Zoom arrière. Le 3 juillet 1998, dans la moiteur d’une soirée d’été, les mines sont tendues dans la salle annexe de la sous-préfecture de Cognac qui sert de bureau centralisateur des votes. A 1 heure du matin, le sous-préfet de Cognac et Alain Philippe, directeur du BNIC, annoncent enfin les résultats. Sur les 16 sièges de la famille viticole au BNIC, la FSVC en obtient 8, la FVC 5, l’OV-CR 1, la Confédération paysanne 2. C’est la première fois qu’un test de représentativité syndicale est organisé pour le renouvellement d’une interprofession. « Faire bouger les lignes » était sans doute l’objectif visé. Bien vu. Deux ans plus tard, en 2000 et sous l’effet accélérateur des « réunions de barrages » de 1998 naît le SGV. Il fédère toutes les formations syndicales, à l’exception du Modef. Désormais on peut parler d’une unité viticole charentaise. Mais cet « état de grâce » ne dure pas plus qu’un printemps. En 2001, la scission est consommée avec l’émergence d’un nouveau syndicat, le SVBC. Dix ans plus tard, ce sont ces deux formations, SGV et SVBC, qui se mesurent sur le terrain des élections à l’ADG. Qu’en sortira-t-il ? Un aggiornamento ou une rigidité supplémentaire des positions ? En tout cas les deux syndicats « sortis des urnes » auront vécu le mois de juin 2008 comme une période d’intense négociation : discussions internes au sein des états-majors, négociations entre les deux formations. A l’extérieur, bien peu d’informations auront filtré, les uns et les autres évitant de par trop se découvrir. D’autant que le calendrier, en marche, recélait quelques bombes à retardement : 24 juin, constitution de l’ADG Cognac ;
27 juin, remise des listes de viticulteurs devant participer à l’assemblée plénière du BNIC ; 23 juillet, renouvellement du BNIC et désignation de son président. A la mi-juin, après les élections mais avant le vrai départ des « hostilités », écoutons ce que disaient les syndicalistes au sujet de l’unité viticole. Un « jalon témoin » dans une histoire en construction.

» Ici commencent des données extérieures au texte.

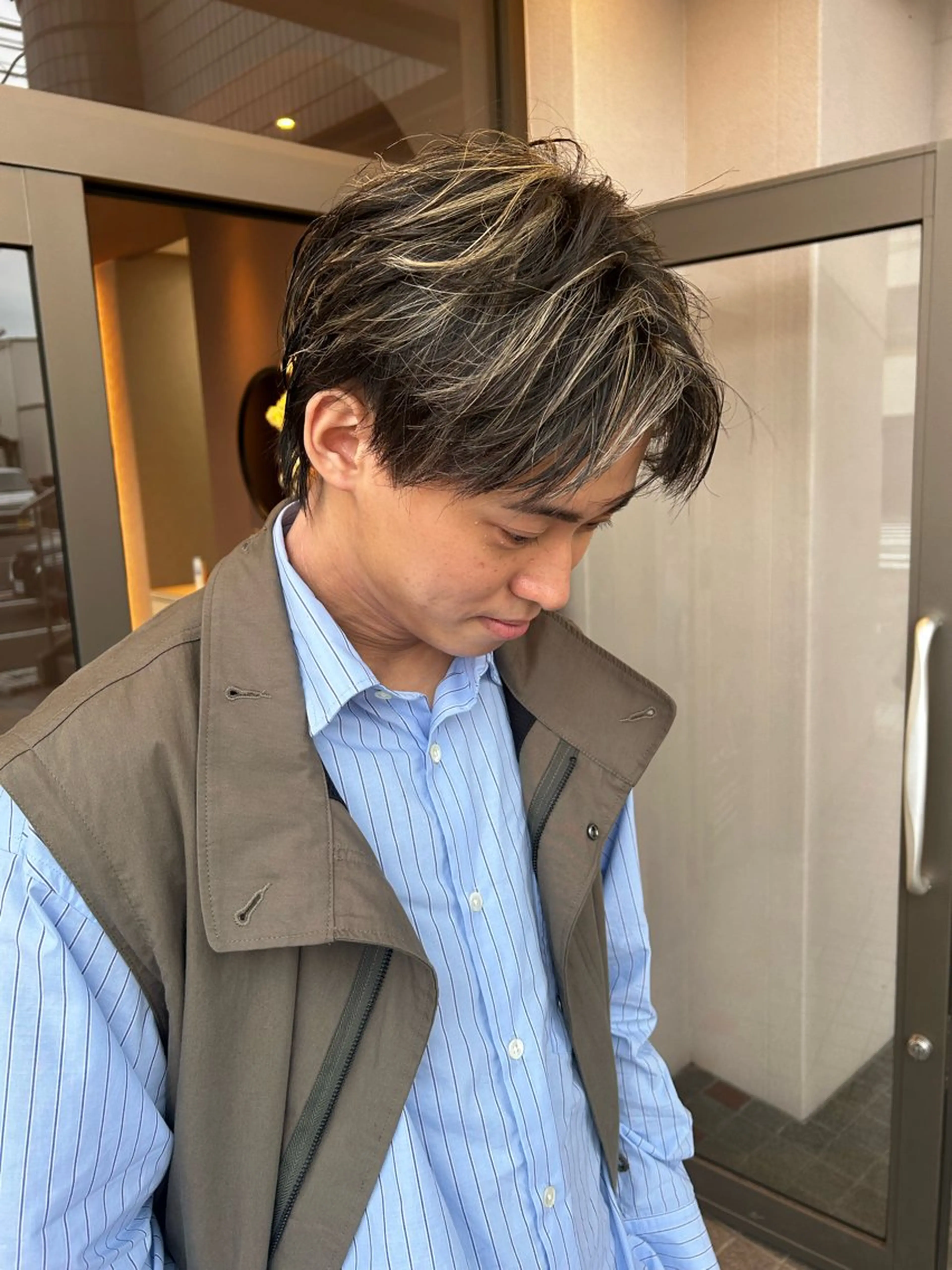 ショート ハイライト ヘアカラー Licol所属・髪質改善×ダブル カラー専門フリー予約のヘアスタイル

Jean-Bernard de Larquier (propos recueillis le 12-06 et le 18-06) – « De ces élections, je retiens entre autres que les candidats libres réalisent presque 19 % des voix. Les syndicalistes que nous sommes devons entendre ce message. J’y vois l’expression d’un ras-le-bol de la division syndicale. Les gens nous disent : “défendez-nous et débrouillez-vous pour être unis”. Peu importe la forme que cela peut prendre. L’important, c’est de ne jamais oublier que la filière Cognac compte deux familles et que le rapport entre ces deux familles se doit d’être équilibré. La viticulture aurait tout à perdre si elle arrivait divisée face au négoce. Le coup porté, en 2002, à l’unité viticole, il faut absolument l’effacer, le réparer. Le SGV est là pour construire, en accord avec le négoce : approvisionner le marché, alimenter les ventes. Il est aussi là pour donner la liberté de parole aux viticulteurs. »
Christophe Véral (propos recueillis le 17-06 et le 18-06) – « Notre but, c’est vraiment que la viticulture revienne unie, qu’elle n’apparaisse pas divisée devant le négoce. Pour autant, notre syndicat a recueilli presque 50 % des voix aux élections à l’ADG Cognac, de manière très démocratique. Le SGV doit en tirer les conséquences qui s’imposent. Notre objectif, c’est de travailler de manière constructive mais en étant reconnu à notre juste place, sans passer à côté de tout ni être considéré “comme la dernière roue du carrosse”. Si nous avions pris une “grande claque” à 15 ou 20 % des voix, d’accord, mais ça n’est pas le cas. Nos gars ne comprendraient pas de continuer d’être mis à l’écart. »
Olivier Louvet (propos recueillis le 17-06) – « Evidemment, l’unité syndicale c’est une réflexion qui court depuis un certain temps. Nous en parlons en comité restreint mais il est hors de question de prendre une quelconque décision sans que la base nous donne son aval. Nous retournerons devant nos adhérents pour les consulter. Même si, durant la campagne électorale, beaucoup de “battage” a été fait autour de l’union, je ne sais pas si un seul syndicat est vraiment “la” solution. L’émulation créée par la pluralité syndicale n’est jamais mauvaise. Il y a de la place pour des idées différentes. Aux viticulteurs ensuite de choisir. A l’origine, en 2000, un seul syndicat existait. S’il y a eu scission à un moment donné, ce n’est pas sans raison.”